Due to high‐sensitivity, short assay time and the capability for multiplex detection, MSD technology has been used to detect ultralow levels of cytokines (up to five logs of linear dynamic range) performed with very low amounts of sample.[ 188 ] Dabitao et al.[ 189 ] compared the multiplex measurement of pro‐inflammatory cytokines (IL‐6, IL‐8, IL‐10, TNF‐α, IL‐12p70, and IL‐1β) in human serum using two commercial assays, the MSD assay and the Cytometric Bead Array (CBA) flow cytometric assay. It was demonstrated that the MSD assay provided a more reliable assessment of the pro‐inflammatory cytokines tested in the serum of healthy and HIV‐infected individuals. In serum, the MSD platform consistently quantified levels of endogenous IL‐12p70, TNF‐α, and IL‐10 that were undetectable by the CBA assay. Chaturvedi et al.[ 190 ] developed a novel panoptic IL‐6 MSD assay for quantification of both high and low molecular weight (MW) IL‐6 with sensitivity of 9.77 pg L−1. The top‐performing antibody pair from 36 capture and four detection candidates was validated on the MSD platform. High MW forms of IL‐6, in size fractionated serum samples from myelodysplastic syndrome and rheumatoid arthritis patients were detected by the assay but not by a commercial kit. This panoptic IL‐6 MSD assay may be useful to evaluate total IL‐6 concentrations across normal and diseased indications for greater understanding of IL‐6 functionality and responses and/or resistance to anti‐IL‐6 therapeutics.

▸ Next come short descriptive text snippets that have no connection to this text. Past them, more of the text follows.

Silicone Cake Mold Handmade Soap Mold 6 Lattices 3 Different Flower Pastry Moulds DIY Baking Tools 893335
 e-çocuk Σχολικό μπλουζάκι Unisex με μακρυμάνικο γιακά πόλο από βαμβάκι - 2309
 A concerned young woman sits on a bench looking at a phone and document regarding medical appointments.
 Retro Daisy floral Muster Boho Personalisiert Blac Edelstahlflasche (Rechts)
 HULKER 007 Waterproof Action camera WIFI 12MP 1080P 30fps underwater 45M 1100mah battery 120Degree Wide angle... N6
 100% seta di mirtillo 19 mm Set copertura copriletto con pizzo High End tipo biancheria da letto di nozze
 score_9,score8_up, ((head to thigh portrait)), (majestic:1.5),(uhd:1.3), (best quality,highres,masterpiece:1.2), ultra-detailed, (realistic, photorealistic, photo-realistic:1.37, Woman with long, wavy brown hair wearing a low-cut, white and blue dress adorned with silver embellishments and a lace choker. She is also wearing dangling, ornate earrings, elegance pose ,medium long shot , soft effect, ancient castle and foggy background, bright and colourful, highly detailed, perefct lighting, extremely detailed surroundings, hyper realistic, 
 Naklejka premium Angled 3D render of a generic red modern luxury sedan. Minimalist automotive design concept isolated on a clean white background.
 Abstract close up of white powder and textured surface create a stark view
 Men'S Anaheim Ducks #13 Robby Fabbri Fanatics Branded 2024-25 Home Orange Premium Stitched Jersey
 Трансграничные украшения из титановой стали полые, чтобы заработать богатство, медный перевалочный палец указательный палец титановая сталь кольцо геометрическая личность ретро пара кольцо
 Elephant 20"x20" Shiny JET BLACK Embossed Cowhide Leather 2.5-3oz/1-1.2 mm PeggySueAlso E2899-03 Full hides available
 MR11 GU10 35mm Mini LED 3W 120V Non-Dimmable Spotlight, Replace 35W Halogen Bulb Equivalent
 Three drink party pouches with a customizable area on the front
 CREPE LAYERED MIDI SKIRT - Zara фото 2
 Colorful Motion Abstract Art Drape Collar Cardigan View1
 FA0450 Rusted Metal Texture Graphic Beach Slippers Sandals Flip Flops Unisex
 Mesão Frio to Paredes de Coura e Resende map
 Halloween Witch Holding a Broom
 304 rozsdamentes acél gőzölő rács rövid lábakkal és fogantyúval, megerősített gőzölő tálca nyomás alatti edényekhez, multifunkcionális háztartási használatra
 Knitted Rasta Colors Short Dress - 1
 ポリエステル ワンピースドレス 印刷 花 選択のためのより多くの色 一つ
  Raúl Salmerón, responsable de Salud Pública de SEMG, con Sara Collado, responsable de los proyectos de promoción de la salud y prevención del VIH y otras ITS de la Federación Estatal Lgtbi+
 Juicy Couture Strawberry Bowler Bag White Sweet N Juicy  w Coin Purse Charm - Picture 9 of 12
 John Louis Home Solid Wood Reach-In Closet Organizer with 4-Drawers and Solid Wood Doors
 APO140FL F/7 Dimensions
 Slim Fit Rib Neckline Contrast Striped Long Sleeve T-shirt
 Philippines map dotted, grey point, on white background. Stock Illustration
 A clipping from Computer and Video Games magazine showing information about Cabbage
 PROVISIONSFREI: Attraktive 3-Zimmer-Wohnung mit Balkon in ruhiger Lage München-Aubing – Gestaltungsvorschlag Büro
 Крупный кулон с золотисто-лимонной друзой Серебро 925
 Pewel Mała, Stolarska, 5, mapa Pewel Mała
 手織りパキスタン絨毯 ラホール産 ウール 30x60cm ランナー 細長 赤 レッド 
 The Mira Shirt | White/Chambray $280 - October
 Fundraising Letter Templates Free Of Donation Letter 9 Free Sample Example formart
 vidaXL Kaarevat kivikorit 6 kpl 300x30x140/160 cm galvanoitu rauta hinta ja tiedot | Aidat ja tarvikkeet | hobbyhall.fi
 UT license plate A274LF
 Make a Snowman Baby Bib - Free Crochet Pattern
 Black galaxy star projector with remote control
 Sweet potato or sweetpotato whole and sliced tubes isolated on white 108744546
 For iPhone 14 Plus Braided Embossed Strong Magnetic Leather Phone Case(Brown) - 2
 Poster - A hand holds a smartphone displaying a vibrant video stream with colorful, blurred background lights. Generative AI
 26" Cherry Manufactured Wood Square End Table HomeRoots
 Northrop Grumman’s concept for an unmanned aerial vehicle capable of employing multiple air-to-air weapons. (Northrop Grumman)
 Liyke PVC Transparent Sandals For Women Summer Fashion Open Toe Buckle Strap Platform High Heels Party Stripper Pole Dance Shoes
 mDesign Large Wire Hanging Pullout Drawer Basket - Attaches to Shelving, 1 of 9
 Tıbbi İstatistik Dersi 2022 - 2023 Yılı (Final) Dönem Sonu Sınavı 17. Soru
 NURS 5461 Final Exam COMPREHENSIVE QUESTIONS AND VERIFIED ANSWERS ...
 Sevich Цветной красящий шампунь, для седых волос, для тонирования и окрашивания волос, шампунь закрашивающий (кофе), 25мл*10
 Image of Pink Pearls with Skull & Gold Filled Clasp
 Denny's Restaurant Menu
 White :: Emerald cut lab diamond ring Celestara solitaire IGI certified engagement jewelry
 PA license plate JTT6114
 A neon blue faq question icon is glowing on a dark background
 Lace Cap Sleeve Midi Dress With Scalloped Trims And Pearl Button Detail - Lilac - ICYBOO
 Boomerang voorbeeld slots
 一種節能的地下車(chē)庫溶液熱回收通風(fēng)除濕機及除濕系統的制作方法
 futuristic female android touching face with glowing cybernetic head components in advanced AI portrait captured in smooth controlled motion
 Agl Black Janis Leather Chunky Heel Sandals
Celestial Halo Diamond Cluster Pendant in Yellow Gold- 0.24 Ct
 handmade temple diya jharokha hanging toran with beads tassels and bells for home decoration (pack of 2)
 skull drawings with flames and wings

Thus, the MSD assays have great advantages for high‐sensitive quantification of cytokines but it is expensive requiring centralized instrument and kits and is not suitable for PoC testing.

4.4. Mass Cytometry

In recent years, mass cytometry,[ 191 , 192 ] a fusion of two experimental platforms (flow cytometry and elemental mass spectrometry), has been increasingly used for the rapid analysis of single cells. This assay enables measurement of over 40 simultaneous cellular parameters at single‐cell resolution, significantly facilitating high‐dimensional, quantitative analysis of the effects of bioactive molecules on cell populations and thus enhancing the ability of cytometry to evaluate complex cellular systems and processes.[ 192 , 193 ] Mass cytometry utilizes rare earth metal isotopes as tags bound to antibodies, instead of fluorophores.[ 194 ] Additional details regarding the basic principles and workflow of a typical mass cytometry technology platform can be found in Spitzer and Nolan[ 192 ]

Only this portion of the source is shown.